Data shown -
--------------------------------------------------

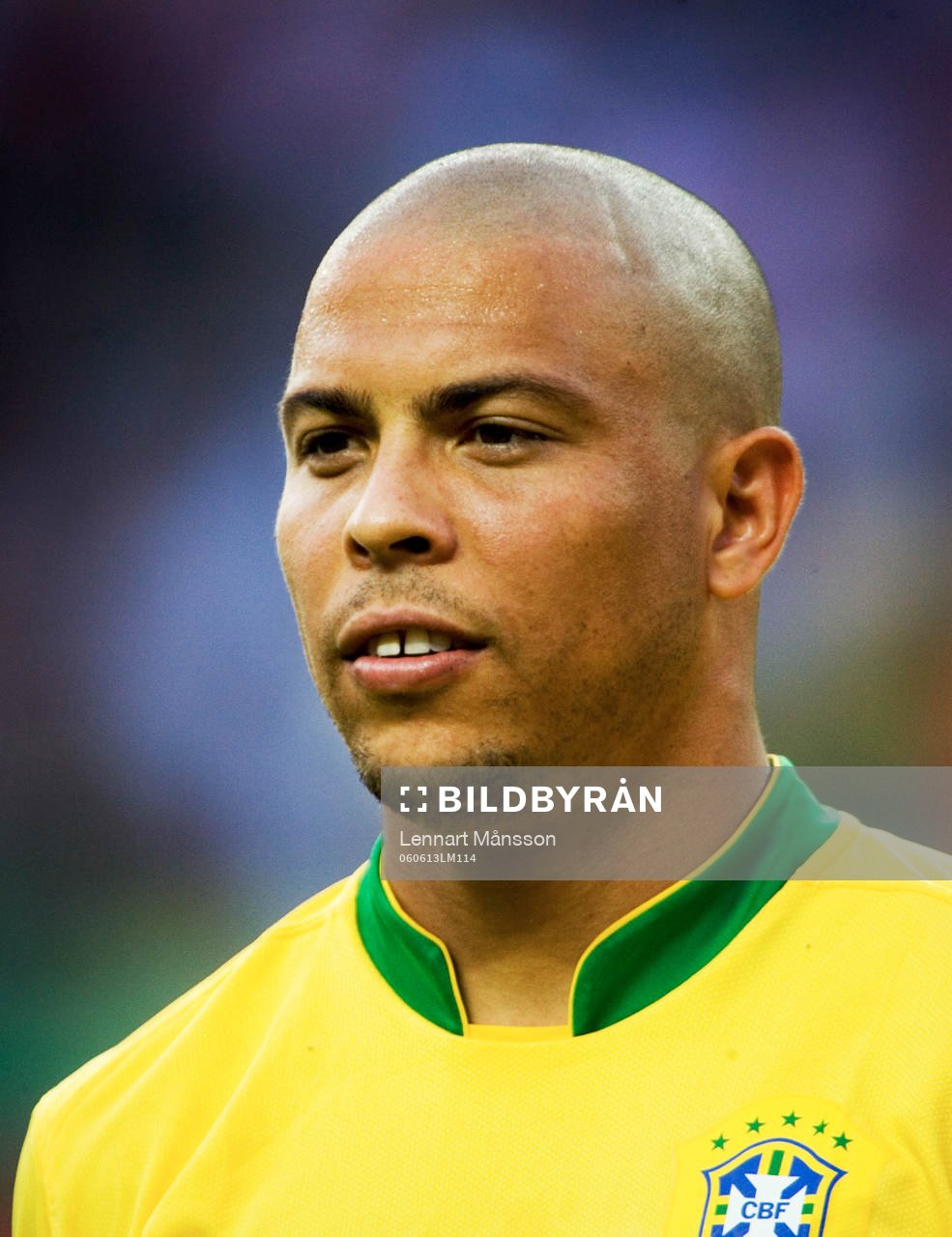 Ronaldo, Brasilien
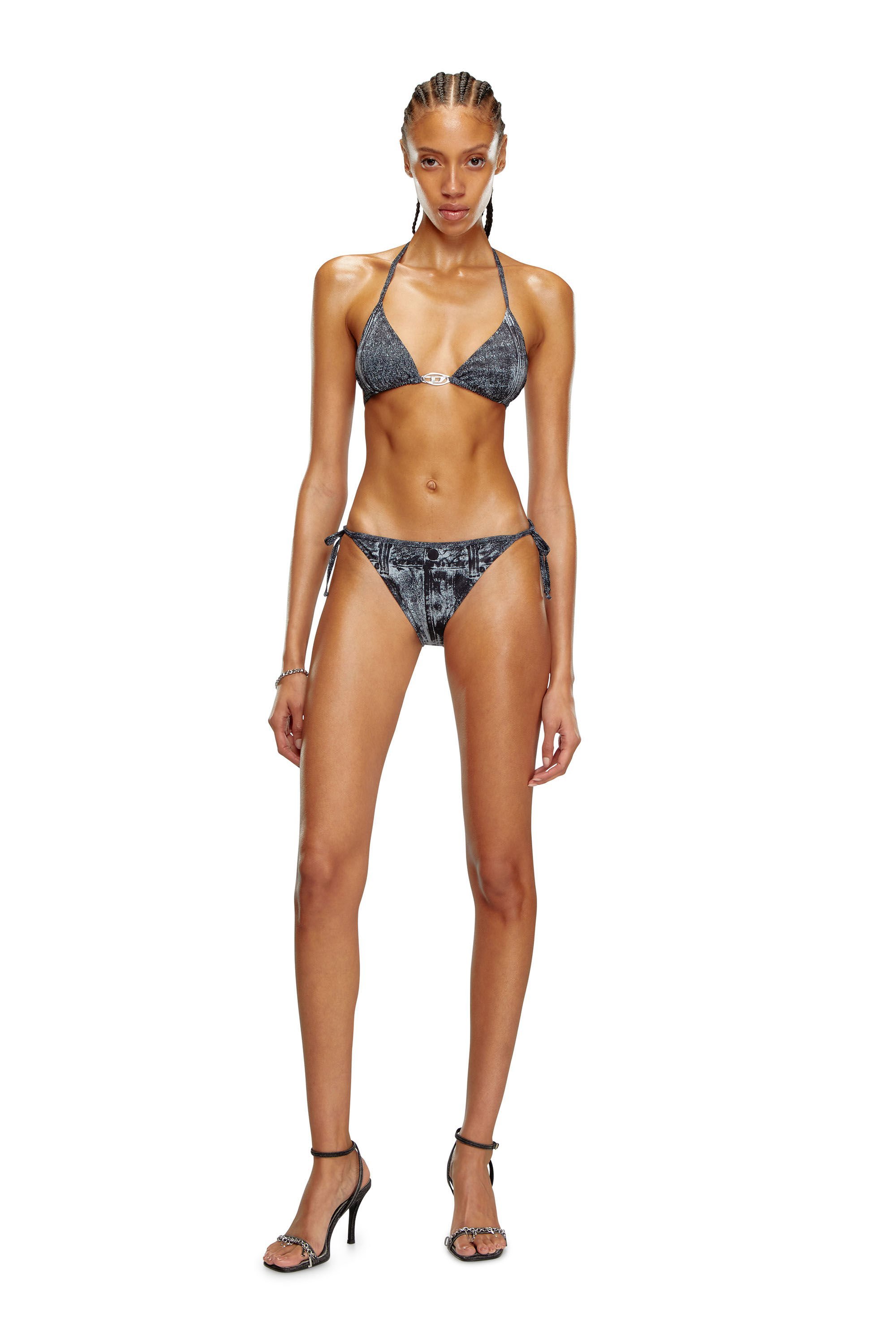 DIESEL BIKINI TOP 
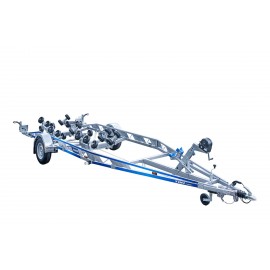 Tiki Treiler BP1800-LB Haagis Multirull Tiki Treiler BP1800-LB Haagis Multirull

--------------------------------------------------

What this task involves -
Return all material verbatim, pictures omitted.

Solution -
 Ronaldo, Brasilien
 DIESEL BIKINI TOP 
 Tiki Treiler BP1800-LB Haagis Multirull Tiki Treiler BP1800-LB Haagis Multirull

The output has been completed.